Revival House: 'Golddiggers of 1933'
Money through the mad genius of Busby Berkely
Feeling poor? Bearing the weight of this terrible economic crisis the entire country has found itself in? Worried about food, clothes, your house, your job, all of it? Then think of how it felt during the Great Depression. (My lord, aside from bread lines it was almost as bad.) But again, think of how it felt, and do yourself a favor, watch a musical. A good musical.
For me it's classic musicals, and Busby Berkely especially. I can never get enough of this sexy, subversive picture.
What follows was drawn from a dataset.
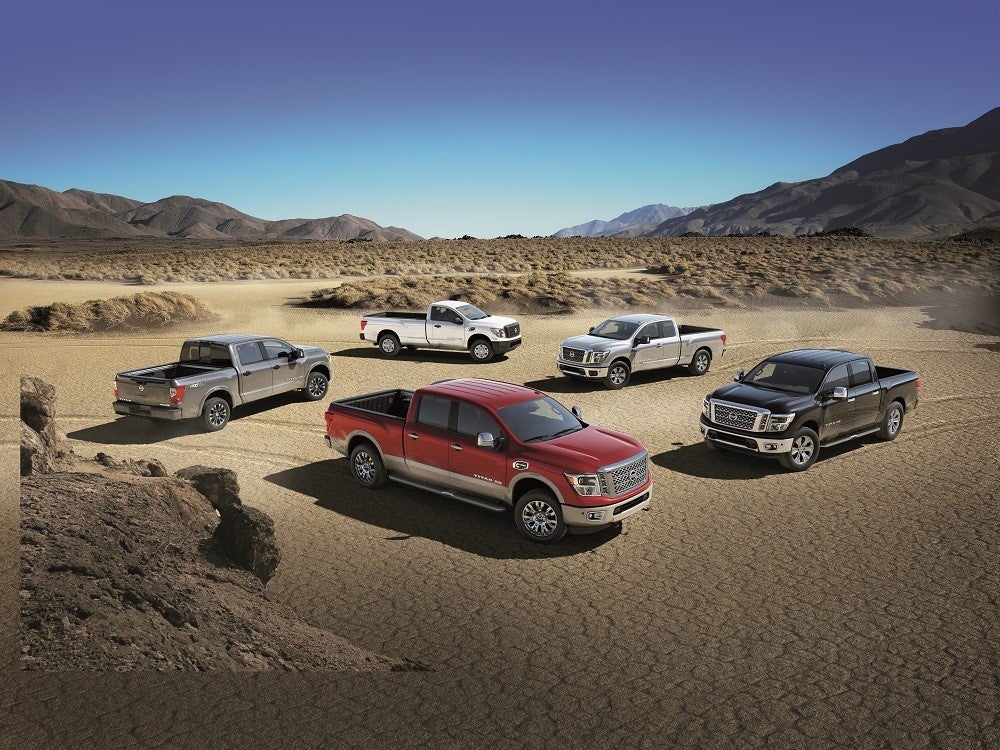 2019 Nissan Titan Indianapolis, IN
Though 1930’s Warner Brothers is renown for social dramas like "I Am a Fugitive from a Chain Gang" or the brilliant "Wild Boys of the Road" (you must track this down in the Forbidden Hollywood box set -- an under-seen masterpiece) and classic gangster films like Little Caesar with Edward G. Robinson and "Public Enemy" with James Cagney, they also provided some of cinema’s greatest musicals. My favorite being "Gold Diggers of 1933," directed by "Fugitive" helmer, Mervyn LeRoy and more importantly, choreographed by that mad genius, surrealistic artist Busby Berkeley.
With a take on what Americans love most -- money -- the film showcases a bizarre-o number of the famed song "We're in the Money" wherein a comely Ginger Rogers sings it in both English AND Pig Latin. (My God, how I love Ginger -- "The Major and the Minor" alone). Amazing for its ability to be light fluff, fantastically inventive in terms of set design and costuming and seriously relevant (particuarly regarding The Great Depression and men returning from War time), "Goldiggers" proves that musicals aren’t mere escapism. And by the time Joan Blondell ends the film with the haunting "Remember My Forgotten Man," in which soldiers from World War I are shown in bread lines, you'll again remember that even the oldest of musicals had something to say. Absolutely sublime.